The two boys lay in stunned silence.

"Sleep tight." Said Uncle Greg as he pulled the blankets up to their chins. Then he got up and walked over to the door.

"Uncle?"

"Yes Roger?"

"Is that a true story?"

Uncle Greg had an expression on his face that Roger couldn't quite place. "True as they come." He turned out the light and closed the door.

Minutes that might have been hours passed before Roger spoke again. "Mark, are you awake?" He heard his brother nodding beside him.

"Do you think he was telling the truth?"

"No way. Couldn't you tell he was making it up on the fly? He just wanted to scare us."

"If he wanted to do that aren't there a lot of easier ways to do it? Couldn't he tell us about a phantom hitchhiker or something? Something more plausible?"

"He's just joking around with us. Go to sleep." He heard Mark turn over.

And he did, in time, fall asleep, though not for long.

Roger awoke to the sound of voices. He opened his eyes and turned to look at the slight radiance slipping from beneath the door merging with the moonlight from the window. He thought he'd heard his parent's voices but now it sounded like his uncle and a stranger were having an argument. Roger strained to listen.

All he heard was the door being slammed and the sound of wood cracking. Then he heard the sound of feet losing traction on the linoleum of the entrance-way, and a squelching as something stepped inside.

He reached over and hit his brother. "Wake up, it's in the house."

Mark yawned. "What's in the house?"

"The monster that Uncle was telling us about."

"You're dreaming again." Said Mark.

"Listen." Roger said. In the silence that followed they could both hear something squelching around the living room and a struggling sound.

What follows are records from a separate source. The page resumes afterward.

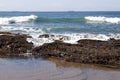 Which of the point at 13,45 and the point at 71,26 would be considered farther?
the point at 71,26

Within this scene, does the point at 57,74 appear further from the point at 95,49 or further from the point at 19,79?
the point at 95,49

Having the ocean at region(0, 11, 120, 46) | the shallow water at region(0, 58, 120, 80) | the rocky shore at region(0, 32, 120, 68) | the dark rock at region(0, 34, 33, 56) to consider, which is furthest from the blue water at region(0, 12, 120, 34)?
the shallow water at region(0, 58, 120, 80)

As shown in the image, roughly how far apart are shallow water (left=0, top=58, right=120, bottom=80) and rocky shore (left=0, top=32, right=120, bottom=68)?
1.76ft

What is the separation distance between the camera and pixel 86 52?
10.4 metres

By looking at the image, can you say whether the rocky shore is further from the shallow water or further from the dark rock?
the shallow water

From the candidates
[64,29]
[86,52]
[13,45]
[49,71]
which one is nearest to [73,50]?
[86,52]

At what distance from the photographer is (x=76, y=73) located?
8.29 metres

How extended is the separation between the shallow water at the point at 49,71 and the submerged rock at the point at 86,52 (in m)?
0.50

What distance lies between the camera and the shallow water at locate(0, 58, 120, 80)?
771cm

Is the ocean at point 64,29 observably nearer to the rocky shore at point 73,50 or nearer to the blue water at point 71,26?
the blue water at point 71,26

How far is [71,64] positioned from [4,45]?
143 inches

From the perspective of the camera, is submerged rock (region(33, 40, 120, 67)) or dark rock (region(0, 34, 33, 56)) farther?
dark rock (region(0, 34, 33, 56))

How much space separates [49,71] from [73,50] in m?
2.44

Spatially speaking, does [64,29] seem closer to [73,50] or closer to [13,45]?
[13,45] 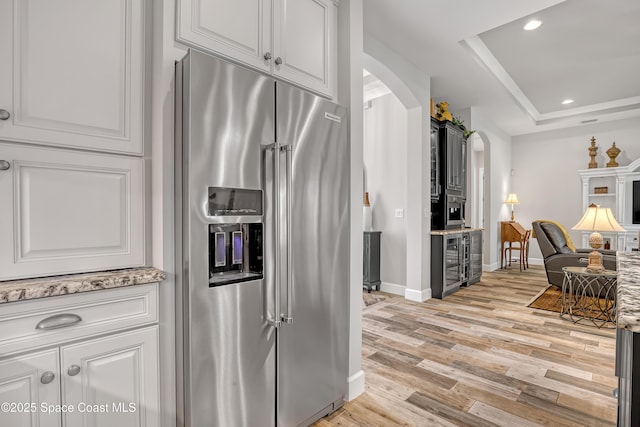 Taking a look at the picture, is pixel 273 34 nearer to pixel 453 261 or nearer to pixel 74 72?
pixel 74 72

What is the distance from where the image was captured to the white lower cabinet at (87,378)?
3.47 ft

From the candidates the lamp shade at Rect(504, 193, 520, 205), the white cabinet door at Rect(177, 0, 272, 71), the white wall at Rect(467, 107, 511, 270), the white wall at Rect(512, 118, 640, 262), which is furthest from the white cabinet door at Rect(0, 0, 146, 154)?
the white wall at Rect(512, 118, 640, 262)

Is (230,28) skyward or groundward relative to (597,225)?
skyward

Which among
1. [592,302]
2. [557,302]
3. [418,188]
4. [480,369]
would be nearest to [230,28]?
[480,369]

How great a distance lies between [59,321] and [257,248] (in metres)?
0.75

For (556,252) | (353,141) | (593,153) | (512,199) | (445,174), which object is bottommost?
(556,252)

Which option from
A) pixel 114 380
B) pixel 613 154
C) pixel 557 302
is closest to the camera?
pixel 114 380

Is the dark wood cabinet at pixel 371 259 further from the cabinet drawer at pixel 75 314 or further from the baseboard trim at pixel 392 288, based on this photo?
the cabinet drawer at pixel 75 314

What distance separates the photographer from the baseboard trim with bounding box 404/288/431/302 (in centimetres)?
420

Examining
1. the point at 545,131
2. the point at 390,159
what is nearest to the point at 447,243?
the point at 390,159

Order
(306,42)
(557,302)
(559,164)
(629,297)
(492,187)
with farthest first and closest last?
1. (559,164)
2. (492,187)
3. (557,302)
4. (306,42)
5. (629,297)

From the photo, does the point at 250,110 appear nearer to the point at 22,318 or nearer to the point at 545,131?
the point at 22,318

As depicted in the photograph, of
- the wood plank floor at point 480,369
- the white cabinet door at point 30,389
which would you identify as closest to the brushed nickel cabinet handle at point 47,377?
the white cabinet door at point 30,389

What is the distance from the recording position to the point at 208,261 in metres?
1.34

"He's just playing a trick on us." Said Mark as he sat up and strode over to the door. "And I'm calling his bluff." He opened the door and stepped out, looking up and down the hallway. "Stop trying to scare us Uncle, it's not work..." Mark stopped dead in his tracks, his face shifting from annoyance, to amazement, to terror. He screamed and ran the opposite direction. Mark had made it perhaps ten feet, when something unseen thudded down the hall after him in great wet strides, knocking the door closed as it ran.

Alone in the moonlit room Roger quietly slid under the bed and cried as the house fell silent.